Whenever possible, the Yale University Library works with database vendors to include text and data mining (TDM) rights in license agreements. This means that for some databases (generally ones with out-of-copyright materials), Yale researchers can access the raw text for the purposes of mining. Vendors that currently permit text and data mining on specific collections include: Adam Matthew, Gale, ProQuest, and others. For additional information on these agreements and which collections are available for mining, please visit the Text and Data Mining LibGuide.
What about for material that hasn’t been digitized yet? Scanners in the Digital Humanities Lab may be used for the purposes of creating digital corpora for mining purposes (rather than for textual preservation or personal archives). To that end, Yale scholars may use specialized equipment in the lab to transform physical materials, such as books and microfilm, into digitally-actionable research objects. These scanners require training and are only to be used for digital humanities projects actively underway. For all-purpose scanning, researchers may use the machines in the Nave of Sterling Memorial Library or in the lower level of Bass Library.

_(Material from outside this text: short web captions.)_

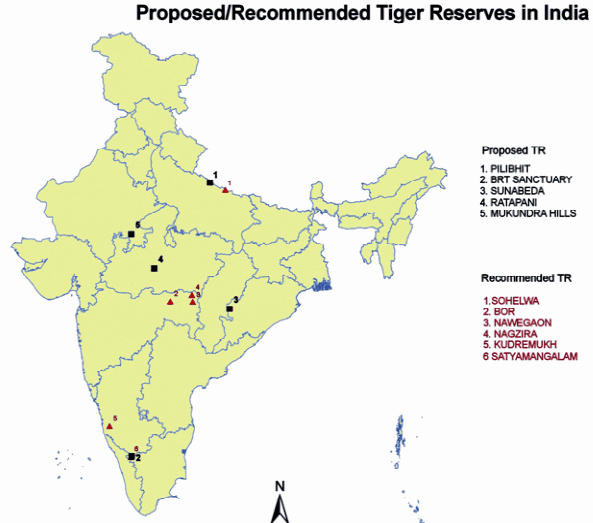 proposed Tiger Reserves in India Map ProjecT Tiger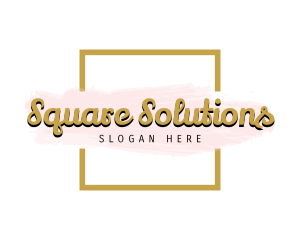 Square Watercolor Business logo design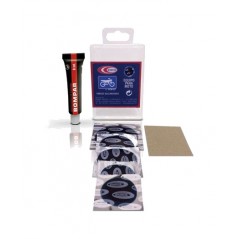 Box of patches for motorcycle flat tire, blue cement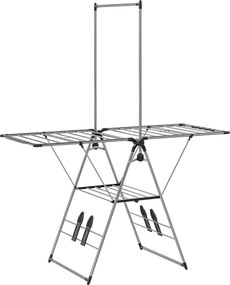 HOMCOM Estendal dobrável de chão com asas ajustáveis, suportes para sapatos, aço inoxidável, 156,5 x 68 x 192 cm, prateado | Aosom Portugal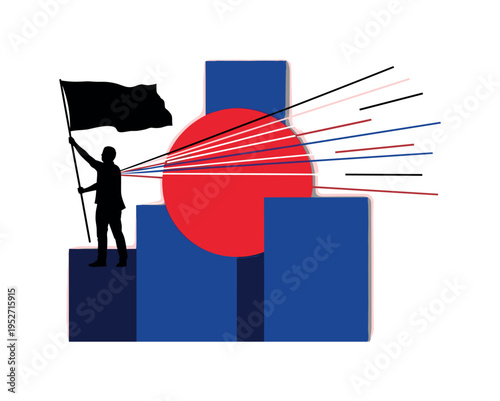 black and white silhouette holding a waving flag, oversized dynamic composition, vivid crimson circle intersecting with deep blue geometric blocks, thin
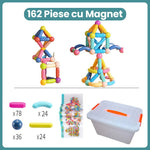 Piese Magnetice pentru Copii, Flippy, Set din 162 de Piese de diferite Culori, Constructor Magnetic cu Posibilitatea de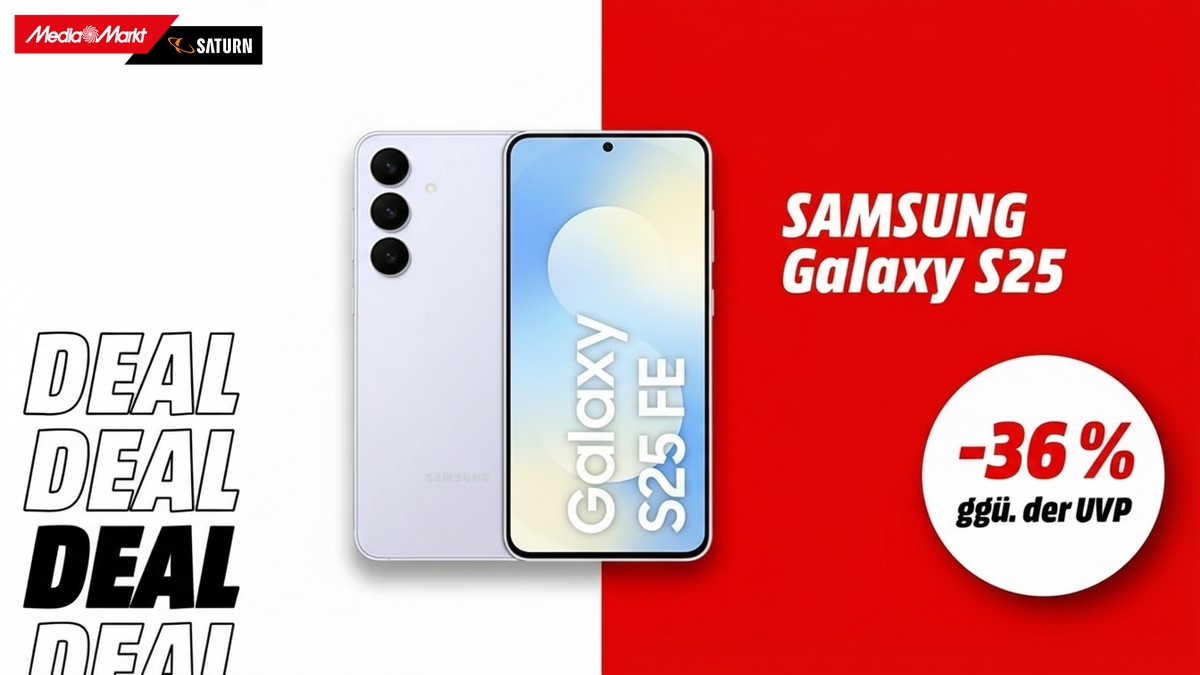 Das Samsung Galaxy S25 FE und Hinweis auf 36 Prozent Rabatt ggü. der UVP.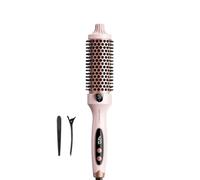 Wavytalk Brosse thermique, 3,8 cm, brosse ronde chauffante pour un look éclatant, double tension, rose, sakura, céramique tourmaline, technologie ionique négative, 5 réglages de température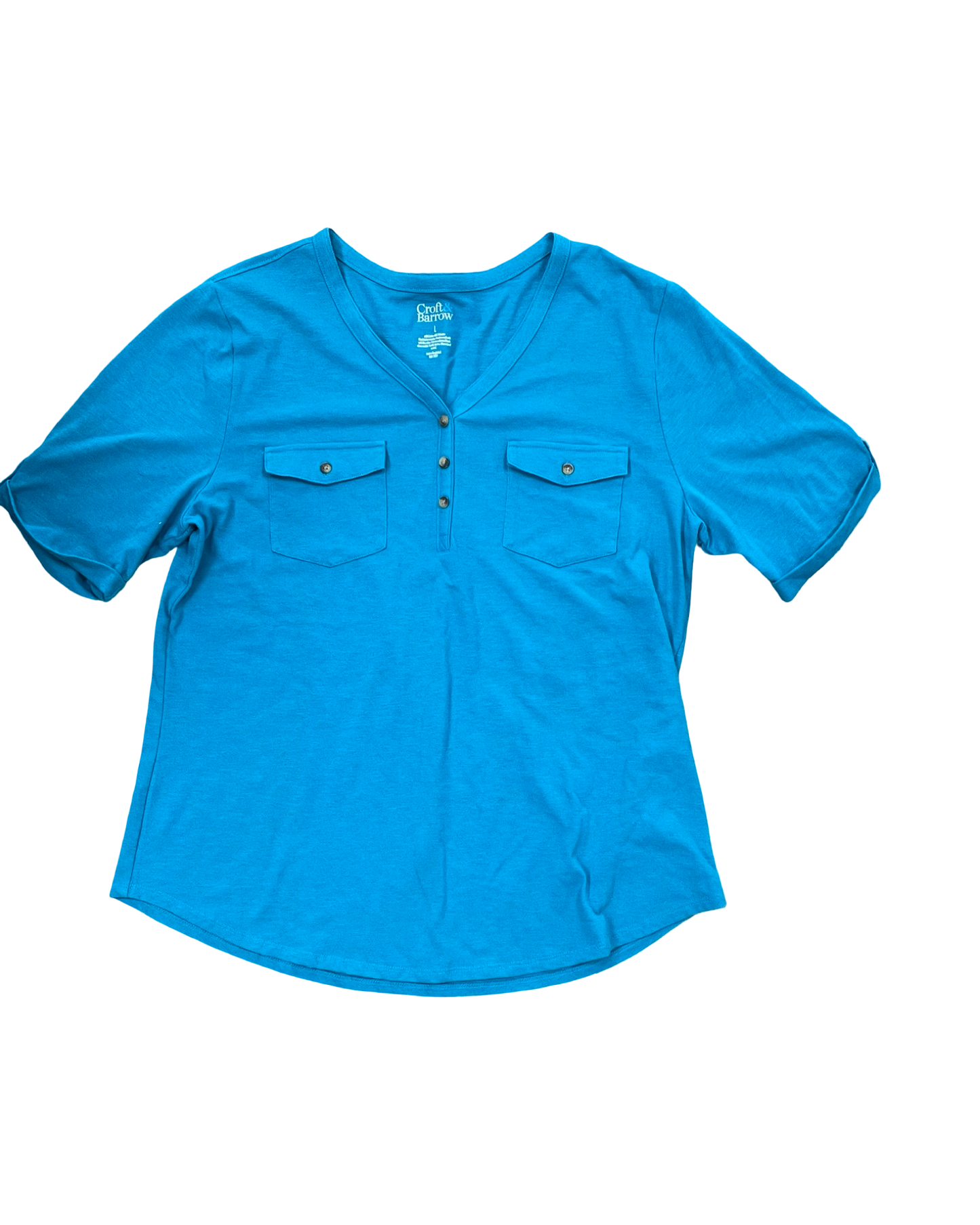 Top Ss By Croft And Barrow In Teal, Size:L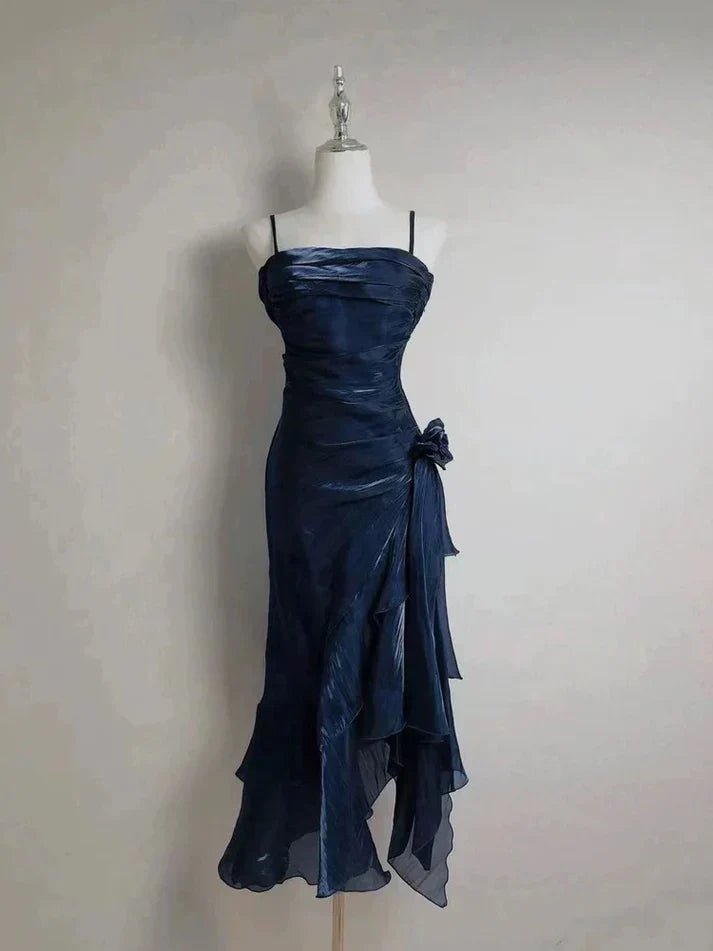 Niulatu Spaghetti Straps Chiffon Satin Ruffled Prom Dresses Fairytale Party Dresses HZ1026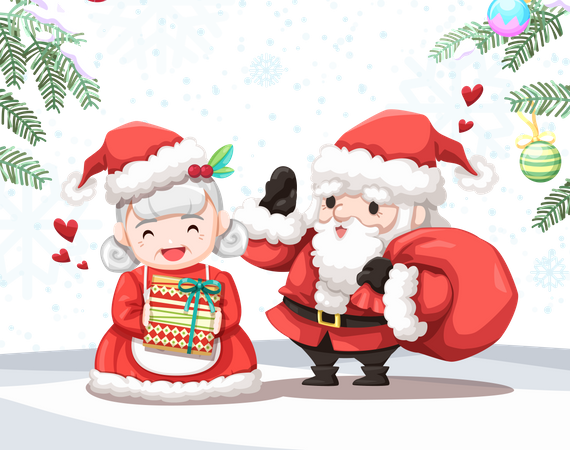 Grandparents dress up as Santa Claus  Illustration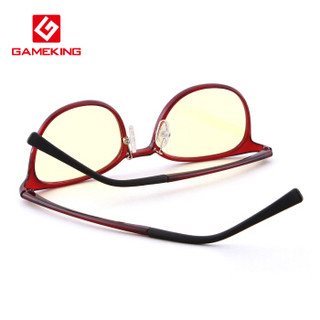 Gameking 防蓝光 电脑护目镜 平光无度数电竞眼镜 红色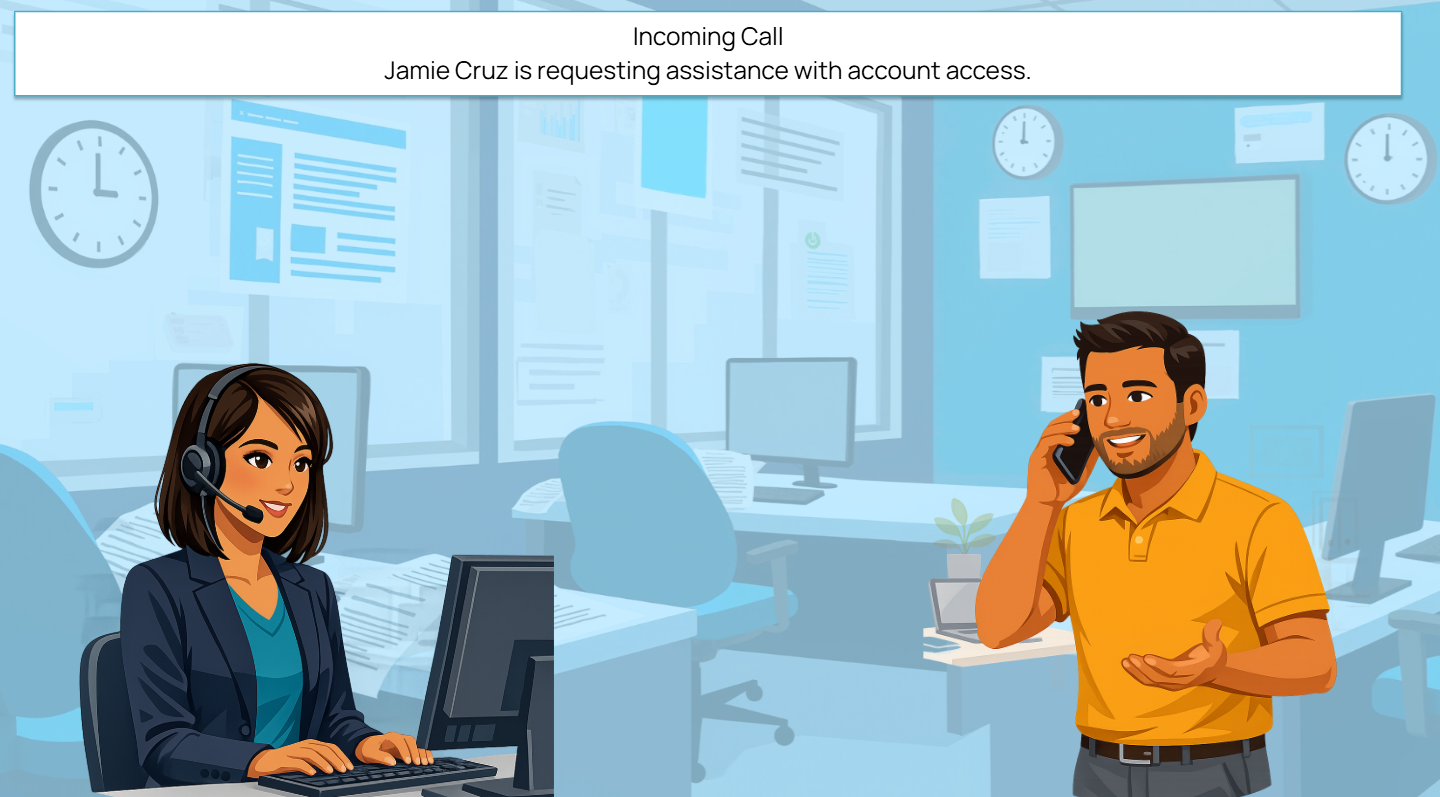Customer verification simulation screen for the initial identity check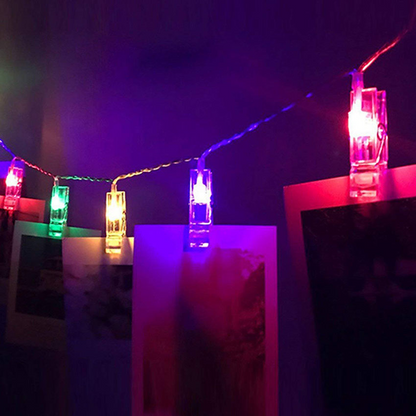 LED Photo Clip String Lights with Battery Power – Colour-Changing Lights for Displaying Photos and Decoration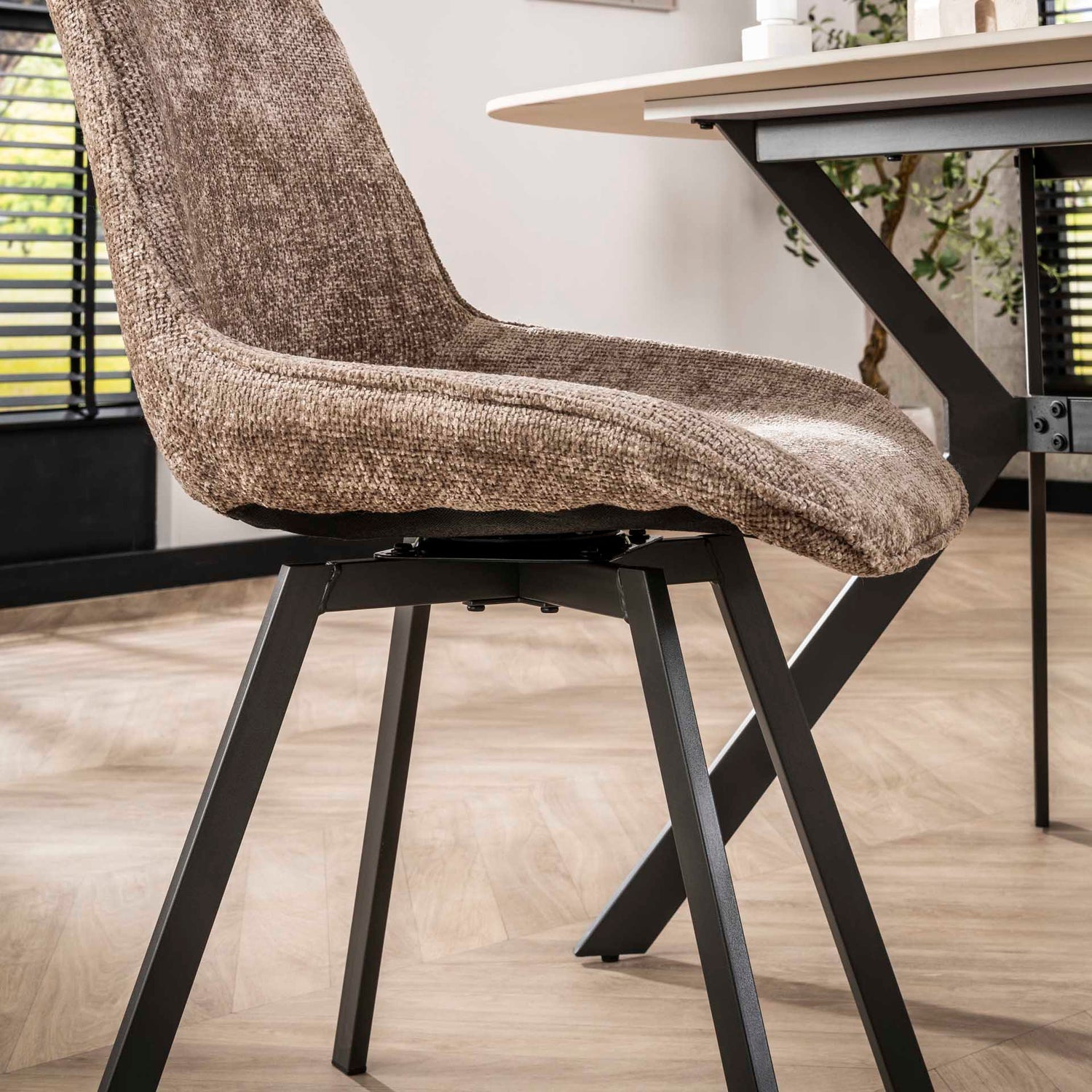 Stoel Swivel 4 stuks - 51x62x87 cm - Rich Champagne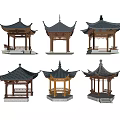 Six Various Traditional Chinese Pavilions With Different Roof Styles And Wooden Frames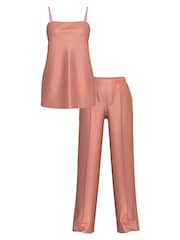 Victoria's Secret Desert Blush Brown Luxe Satin Tunic and Trousers Set - Image 3 of 3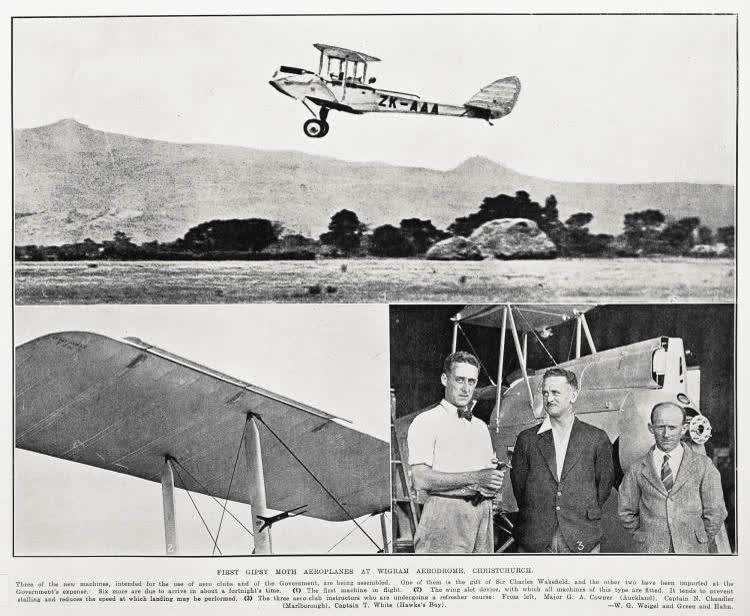 First Gipsy Moth aeroplanes at Wigram Aerodrome. Christchurch, 1929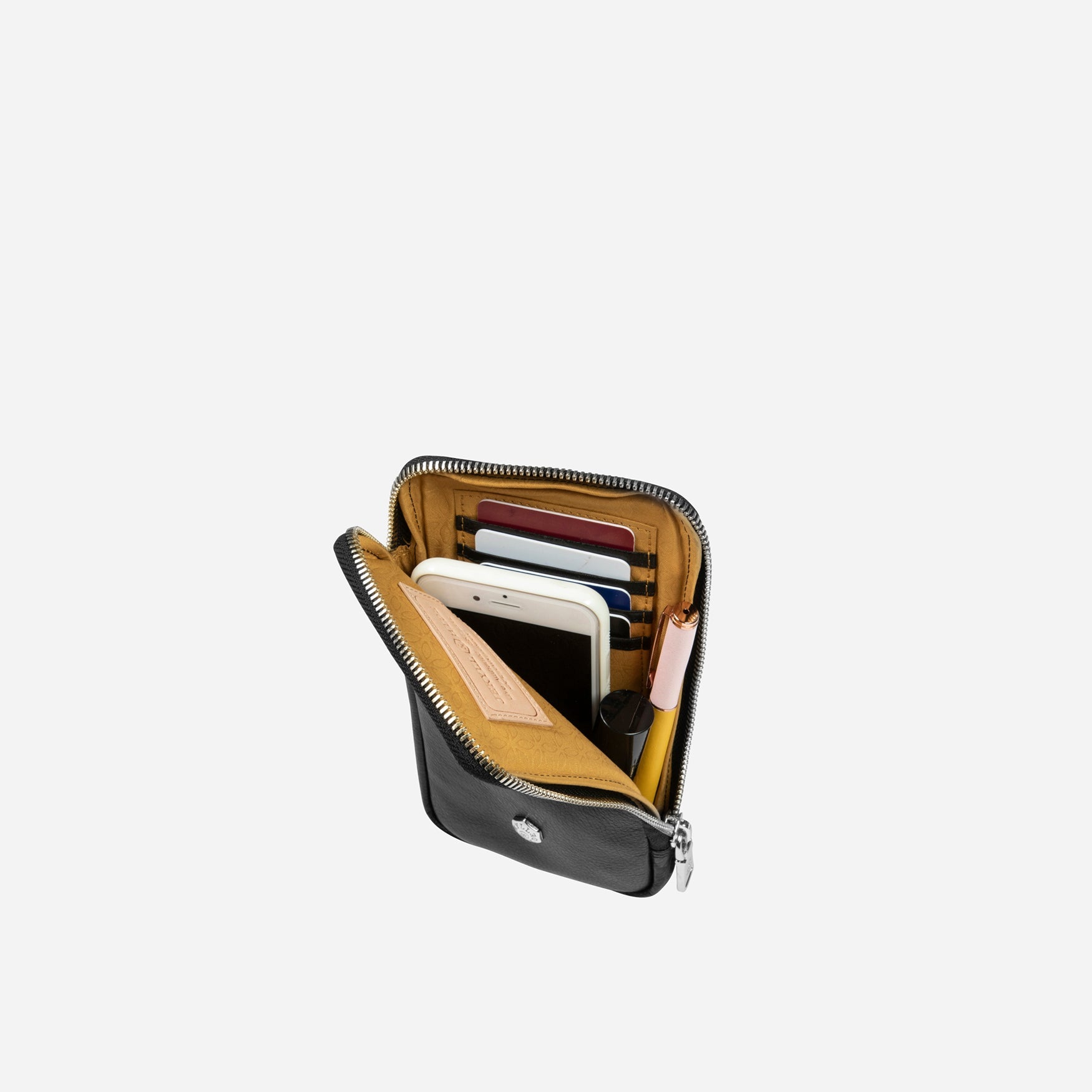 Black phone pouch unzipped showing card slots, cash pocket and phone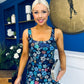 Lisbon Square Neck Sequin Midi Dress Navy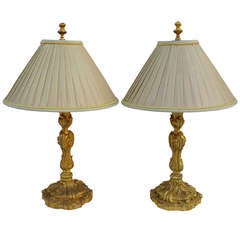 19th Century Pair of Small Louis XV Style Candlesticks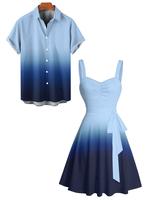 2025 Casual Couple Outfit Women's Ombre Ruched Bust Belt Sweetheart Neck A Line Mini Dress and Men's Roll Up Sleeve Shirt Mat...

Digital Humanities Reading
Digital humanities is a robust, rapidly developing area of research and teaching. To read the latest, stop by the DHLab and browse our collection of desk copies. The collection includes theoretical books, as well as ones that teach specific coding skills. For a complete listing of what we have, visit our LibraryThing page. If there is a book you need that you can’t get, contact the DHLab to see if we could order a copy.
Also, to help collate resources for reading up on past and current methods and inquiries in digital humanities, we’ve created a collaborative Yale Digital Humanities Lab Zotero account. The site contains links to DH blogs, projects, tools, and syllabi.